« En fin de compte, nous sommes tous dans le même bateau »

La star de l’opéra et lauréate d’un Olivier Award, Danielle De Niese, a donné son avis sur les commentaires de Timothée Chalamet sur les mondes de l’opéra et de la danse.

Plus tôt cette année, Chalamet a été fustigé pour des propos tenus dans une interview filmée publiée par Variété, où il a dit : «Je ne veux pas travailler dans le ballet, l’opéra, ou des choses où l’on se dit : « Hé, garde ce truc en vie, même si plus personne ne s’en soucie. »

Ces propos ont suscité un tollé au sein de la communauté artistique, de nombreuses compagnies de danse et d’opéra critiquant Chalamet pour avoir porté atteinte à leurs professions.

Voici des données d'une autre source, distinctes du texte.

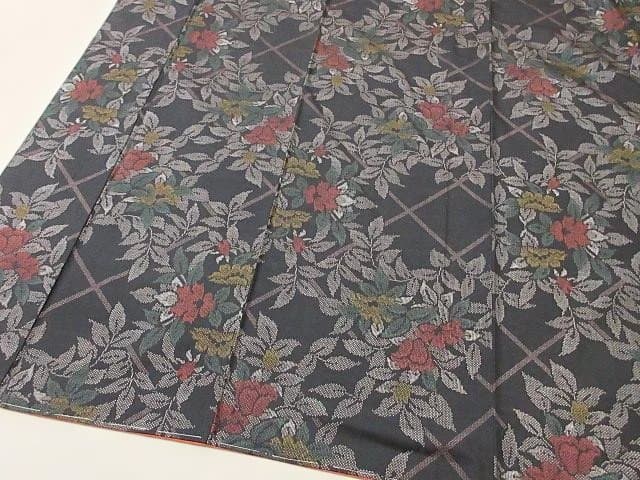 本場泥大島紬：美品：桧垣と赤と黄色い椿：袷正絹着物：７号：しつけ糸：P12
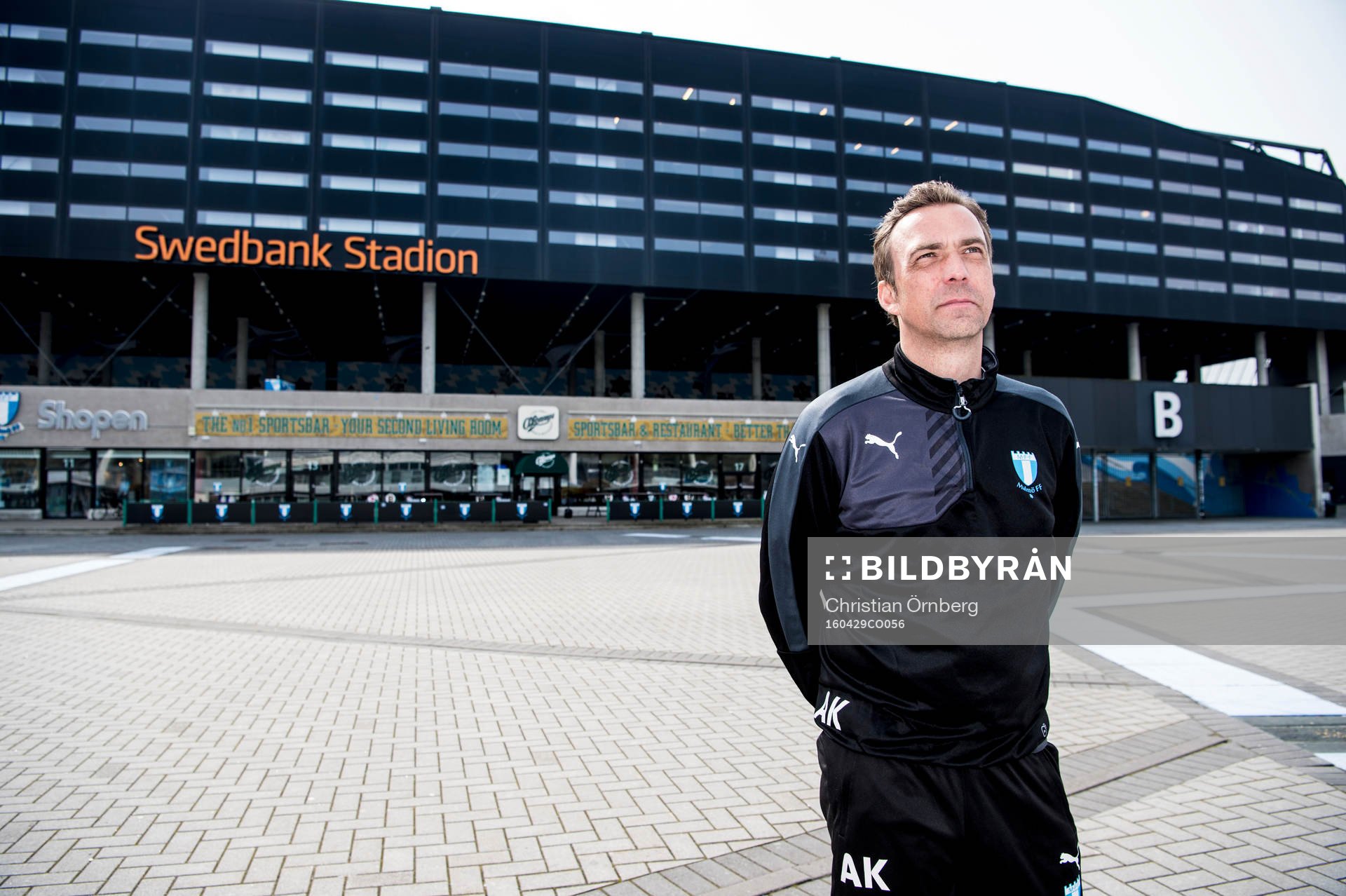Huvudtränaren i Malmö FF, Allan Kuhn, utanför Swedbank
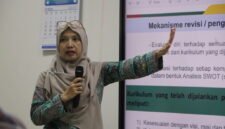 Foto dosen prodi Agroteknologi, Fakultas Pertanian UMY,  Dr. Ir. Lis Noer Aini, S.P., M.Si
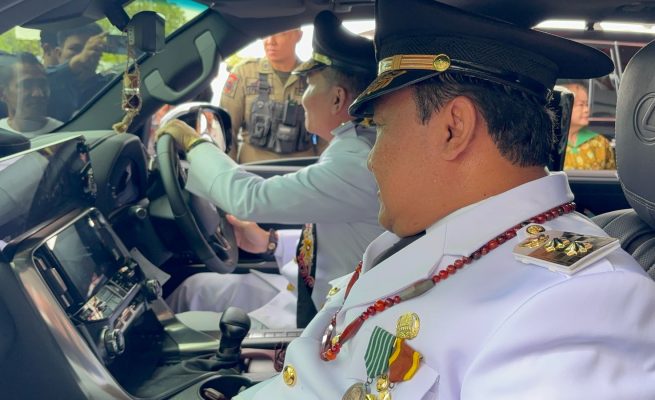 Bawa Mobil KH 1, Gubernur Kalteng Agustiar Sabran Jadi Sopir untuk Wagub Edy Pratowo ke Istana Isen Mulang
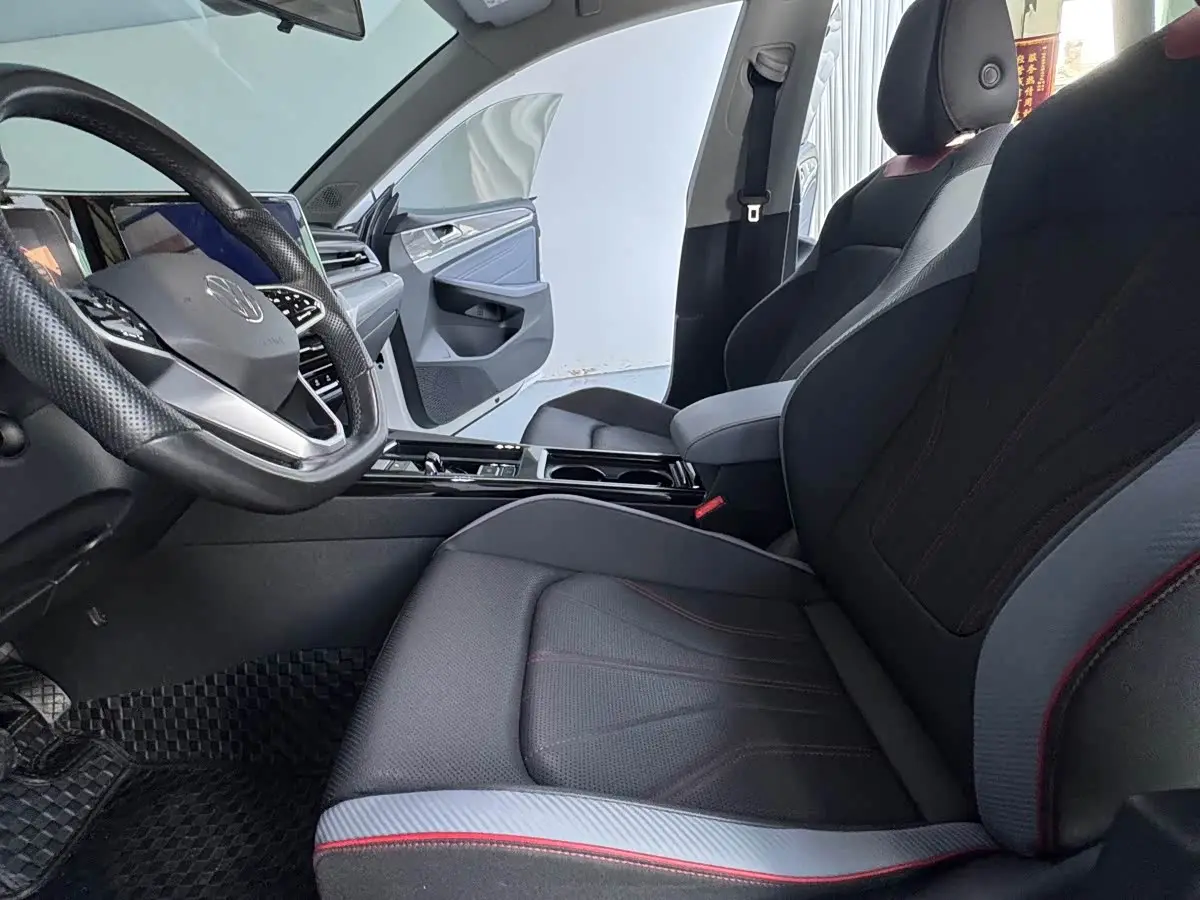 Volkswagen Lamando 2023 — Photo 10/20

En discutant avec nous lors des Olivier Awards, De Niese, qui a remporté le prix de la contribution exceptionnelle à l’opéra, a eu une approche plus nuancée des remarques de Chalamet et de ce qu’elles reflètent sur la société d’aujourd’hui.

Elle a d’abord dit qu’elle était réticente à s’impliquer, ajoutant : « beaucoup de gens en ont dit beaucoup », mais a ensuite déclaré qu’on lui « a demandé à plusieurs reprises de commenter cela. Et en fait, la première chose que je voulais faire était de lire le contexte et de découvrir quel était le contexte, et à la première écoute, j’ai en quelque sorte pensé, attendez une minute, Timothée Chalamet se bat en fait juste pour l’expérience cinématographique de la même manière que l’industrie cinématographique se bat pour l’expérience cinématographique contre les streamers qui nous rendent si facile le visionnage. à la maison. »

La soprano lyrique australo-américaine De Niese est devenue une célébrité internationale grâce à sa performance révolutionnaire en 2005 dans le rôle de Cléopâtre dans Giulio Cesare au Opéra du Festival de Glyndebourne. Ses crédits dans le West End incluent Aspects of Love et Man of La Mancha.

Cela l’a amenée à la conclusion : « En fait, nous sommes dans le même bateau, car toutes les formes d’art ne doivent pas nécessairement se battre pour survivre, mais elles sont plus nombreuses à continuer à prospérer et à trouver des moyens de s’épanouir, car il y a plus de formes d’art que jamais. Pourquoi ? Pourquoi y a-t-il plus de formes d’art ? Parce que nous devenons une société de plus en plus inclusive. C’est donc une bonne chose que nous ayons autant de types et de styles de musique différents – des styles que je ne connais pas encore, parce que je ne suis pas allé dans les coins les plus reculés. »

De Niese estime que toute cette débâcle doit donc être perçue comme une opportunité pour l’avenir : « C’est ce sur quoi je pense qu’il faut vraiment se concentrer. Nous devons donner aux jeunes la possibilité de découvrir de nombreuses formes d’art différentes, et ensuite, grâce à cette expérience et à cet accès, ils pourront trouver un foyer unique auquel ils appartiennent. Si nous continuons à fermer les portes et à les rétrécir, il devient très difficile pour les gens de sentir qu’ils ont accès (aux arts) et qu’ils ont un endroit qui fait appel à leur propre personnalité. Je pense donc qu’en fin de compte, nous sommes tous dans le même bateau. Mais peut-être qu’il ne s’est pas exprimé de la bonne manière.